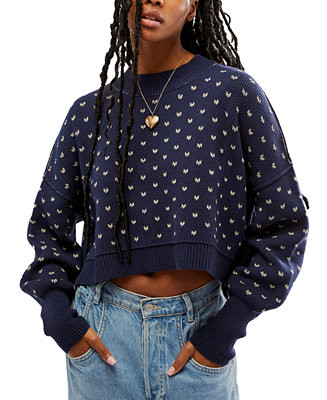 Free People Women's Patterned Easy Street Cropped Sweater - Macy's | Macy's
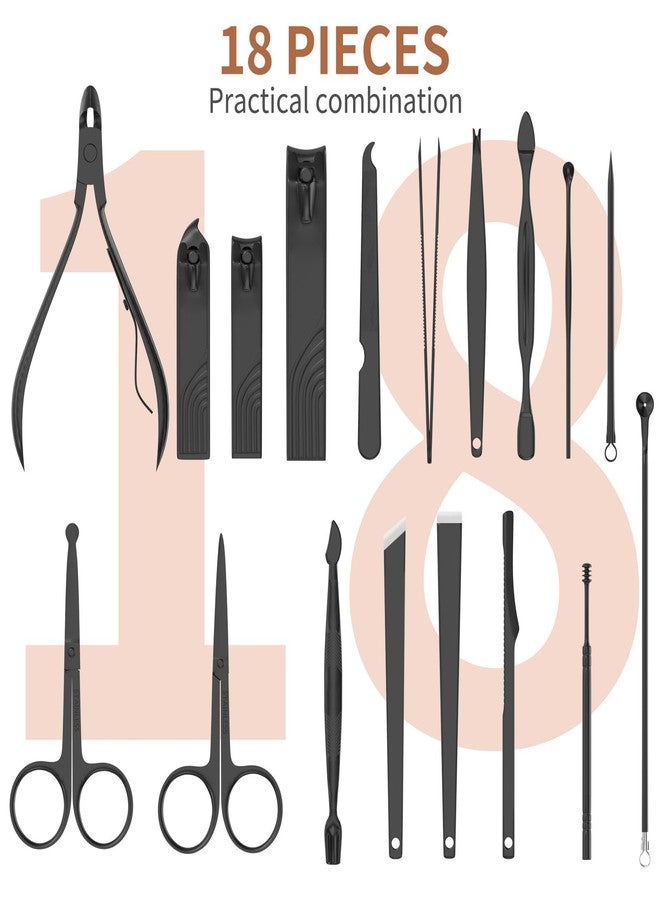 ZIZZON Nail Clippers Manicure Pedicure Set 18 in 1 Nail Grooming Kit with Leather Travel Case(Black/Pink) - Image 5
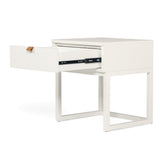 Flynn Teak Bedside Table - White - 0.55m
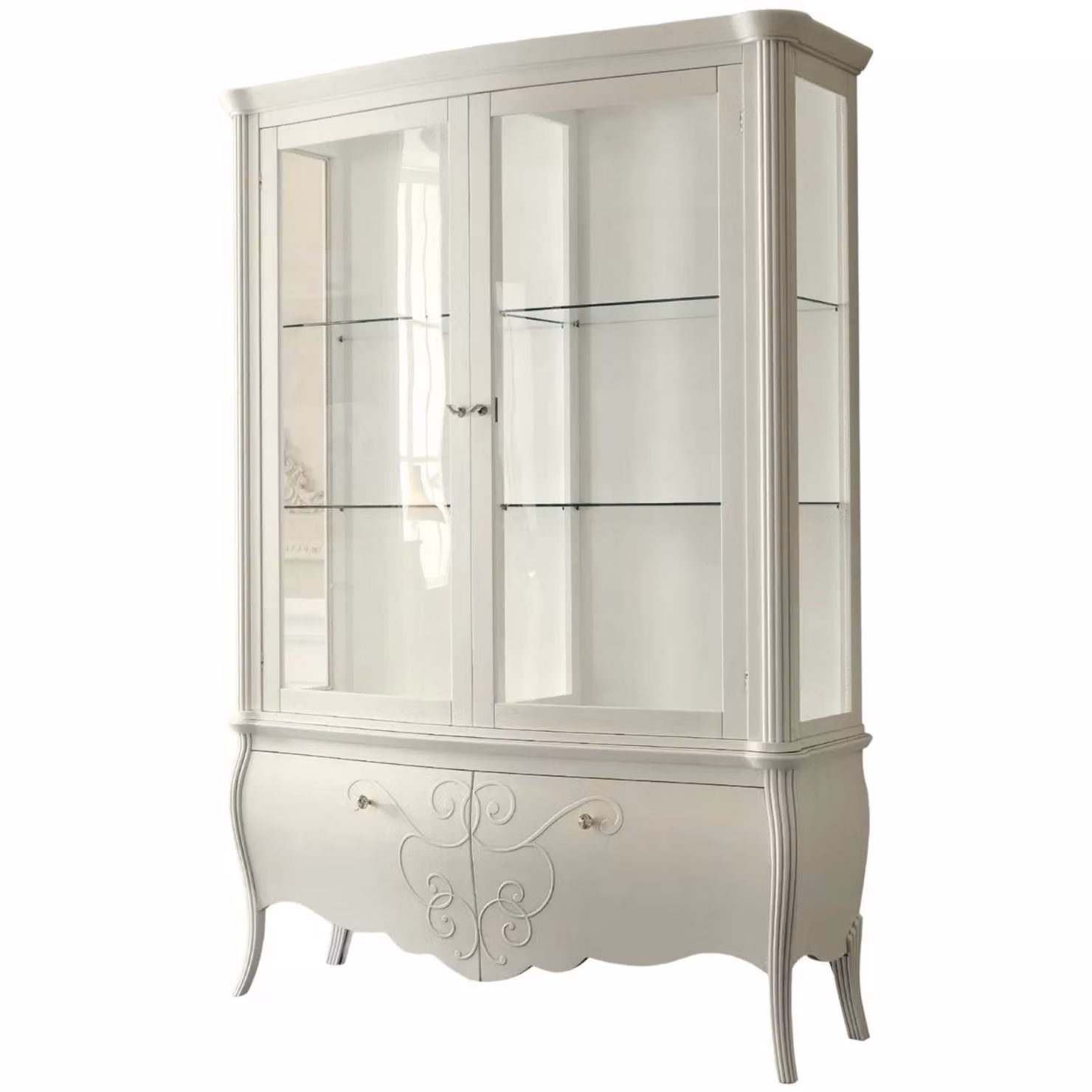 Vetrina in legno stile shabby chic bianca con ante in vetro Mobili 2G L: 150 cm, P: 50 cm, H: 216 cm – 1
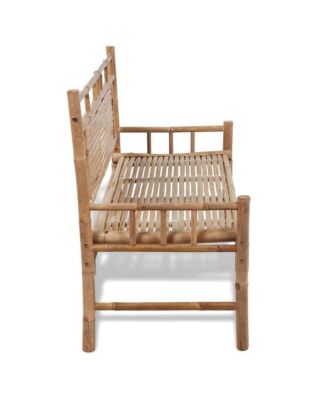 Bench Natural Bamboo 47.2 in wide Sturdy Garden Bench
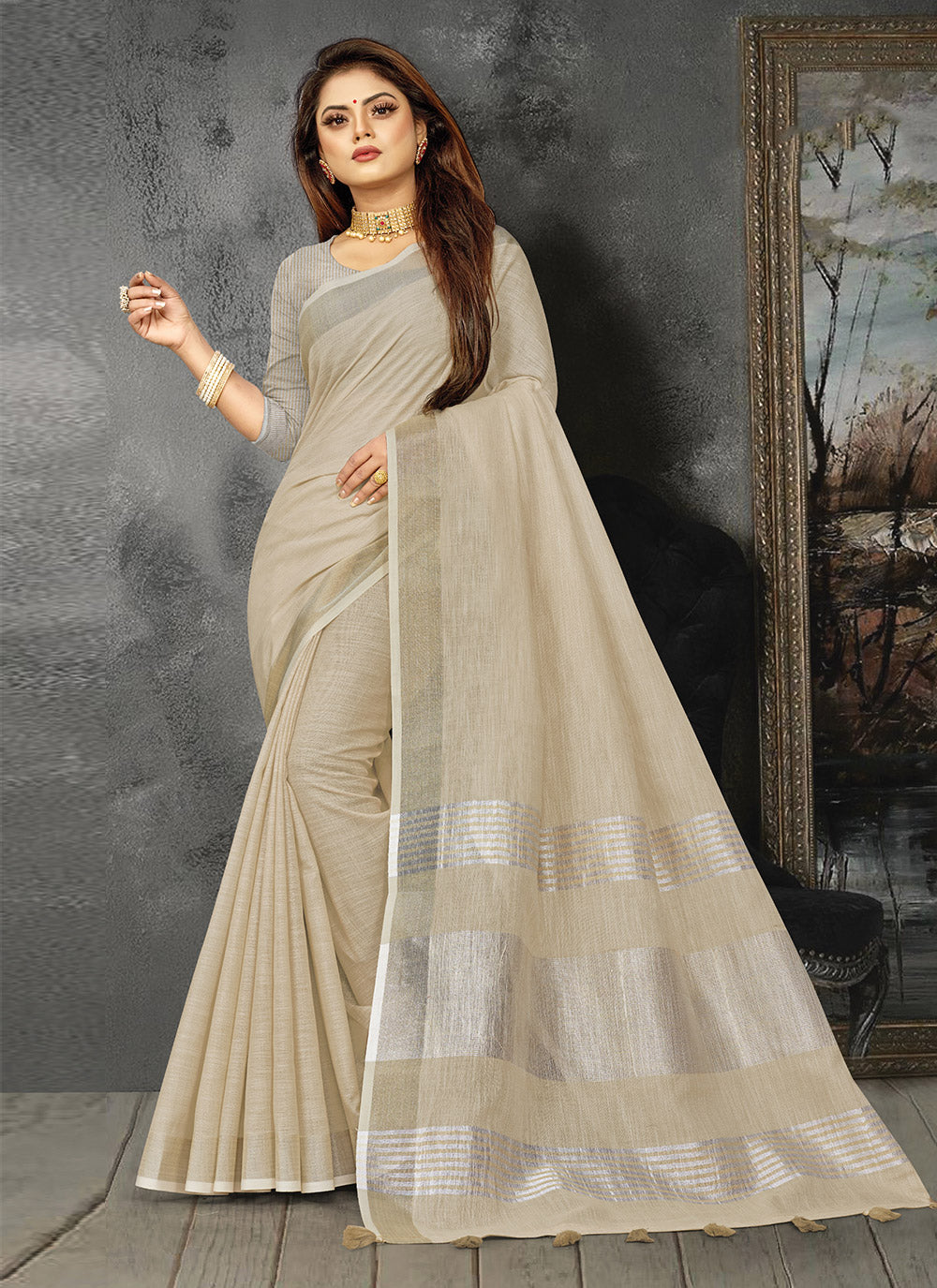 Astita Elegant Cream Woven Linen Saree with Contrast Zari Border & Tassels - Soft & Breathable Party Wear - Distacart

****

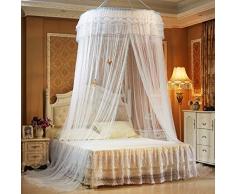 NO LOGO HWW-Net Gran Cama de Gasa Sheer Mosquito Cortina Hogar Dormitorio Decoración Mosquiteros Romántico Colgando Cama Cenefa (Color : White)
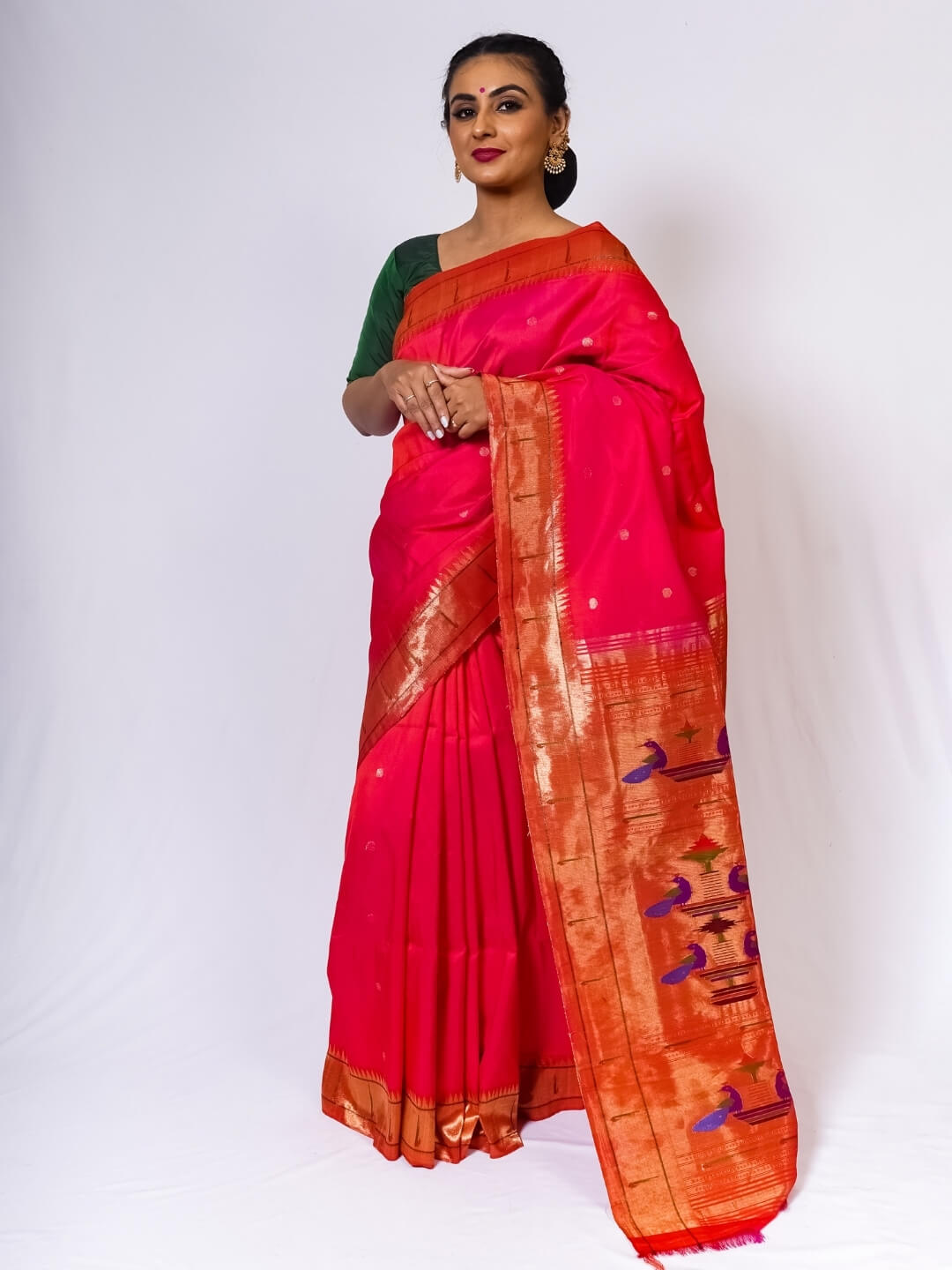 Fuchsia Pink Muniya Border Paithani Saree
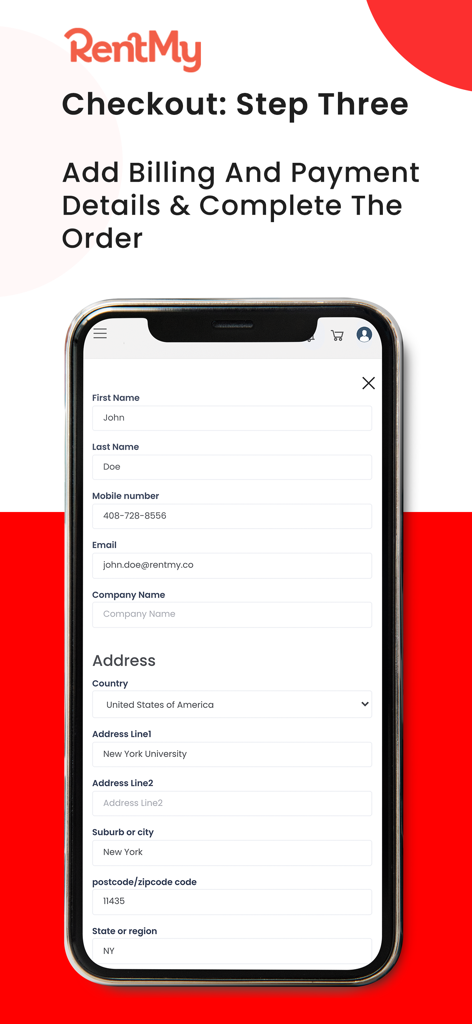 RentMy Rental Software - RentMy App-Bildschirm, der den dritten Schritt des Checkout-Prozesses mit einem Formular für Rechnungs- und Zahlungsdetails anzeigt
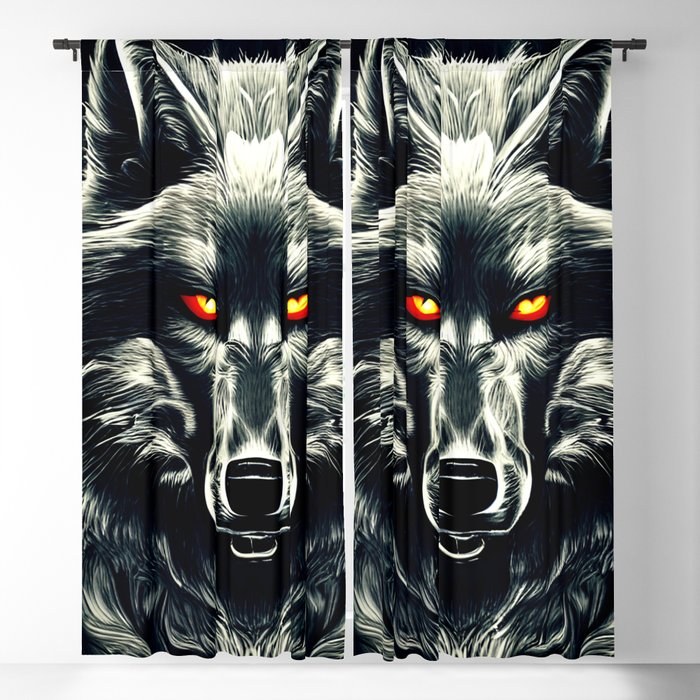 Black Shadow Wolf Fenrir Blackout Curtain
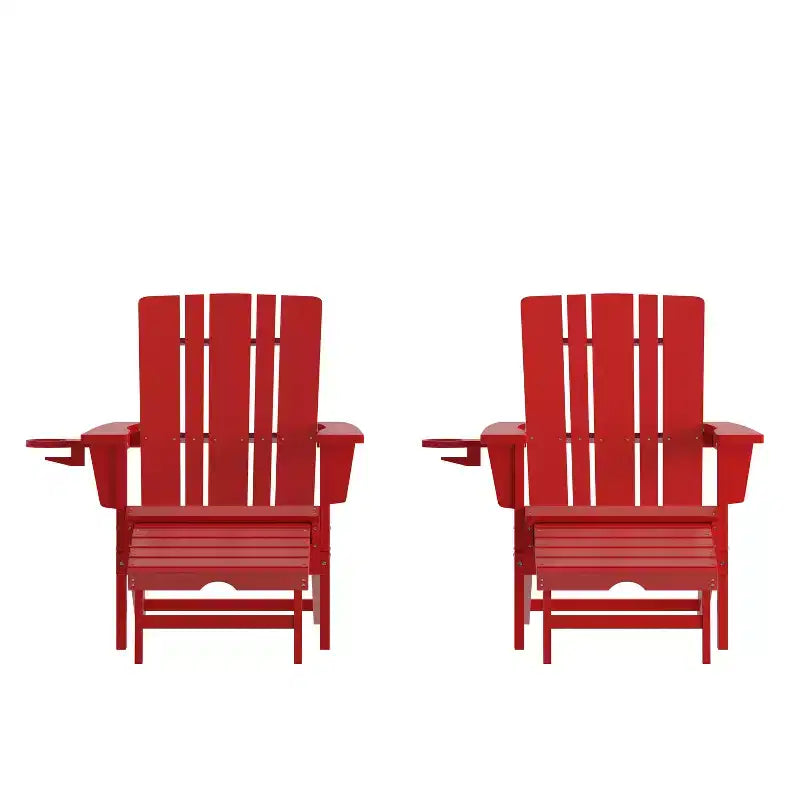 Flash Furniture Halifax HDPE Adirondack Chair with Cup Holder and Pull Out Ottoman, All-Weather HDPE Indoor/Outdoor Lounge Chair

****

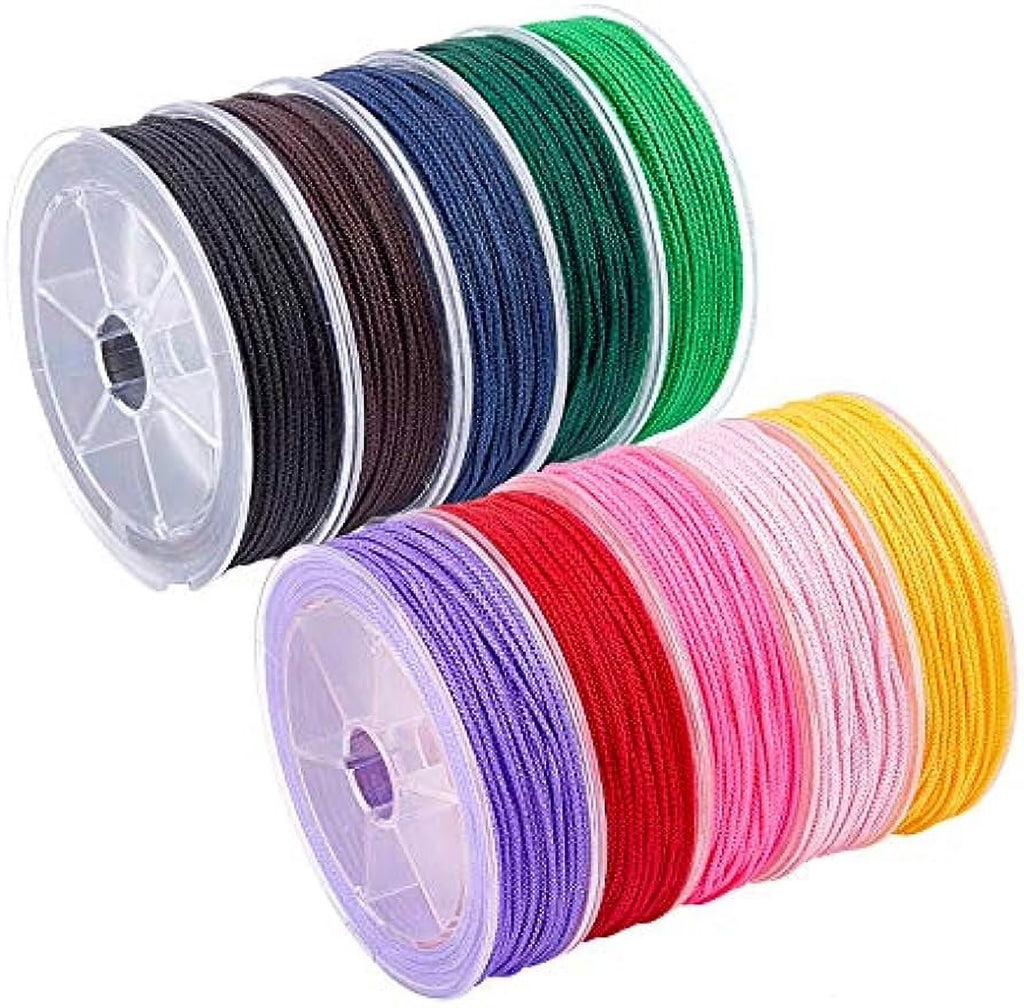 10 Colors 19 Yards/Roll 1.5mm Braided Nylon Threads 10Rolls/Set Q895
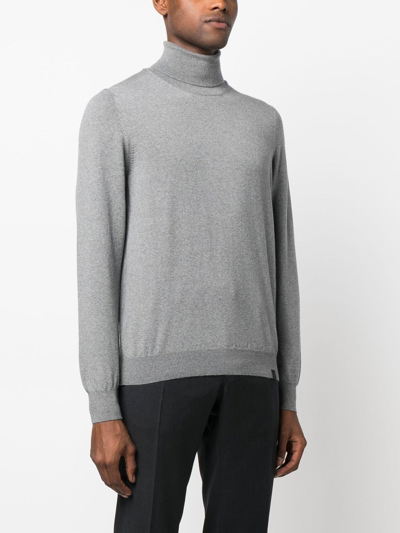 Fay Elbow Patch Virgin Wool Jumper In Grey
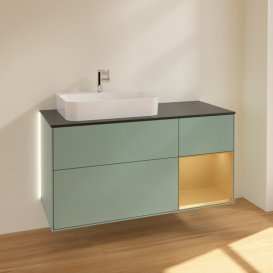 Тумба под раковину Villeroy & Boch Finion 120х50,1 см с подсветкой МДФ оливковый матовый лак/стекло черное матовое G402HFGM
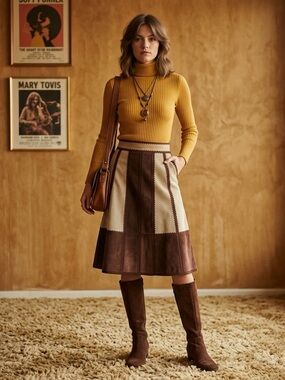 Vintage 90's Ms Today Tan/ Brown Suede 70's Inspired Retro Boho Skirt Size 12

****

*TASK PROMPT:* Look above for the line with "Free People Women's" and the line with "Astita Elegant Cream", then copy them and all lines in between exactly as written, and only those, without any pictures.

*RESULT BELOW:*
 Free People Women's Patterned Easy Street Cropped Sweater - Macy's | Macy's
 ZIZZON Nail Clippers Manicure Pedicure Set 18 in 1 Nail Grooming Kit with Leather Travel Case(Black/Pink) - Image 5
 Flynn Teak Bedside Table - White - 0.55m
 Vetrina in legno stile shabby chic bianca con ante in vetro Mobili 2G L: 150 cm, P: 50 cm, H: 216 cm – 1
 Bench Natural Bamboo 47.2 in wide Sturdy Garden Bench
 Astita Elegant Cream Woven Linen Saree with Contrast Zari Border & Tassels - Soft & Breathable Party Wear - Distacart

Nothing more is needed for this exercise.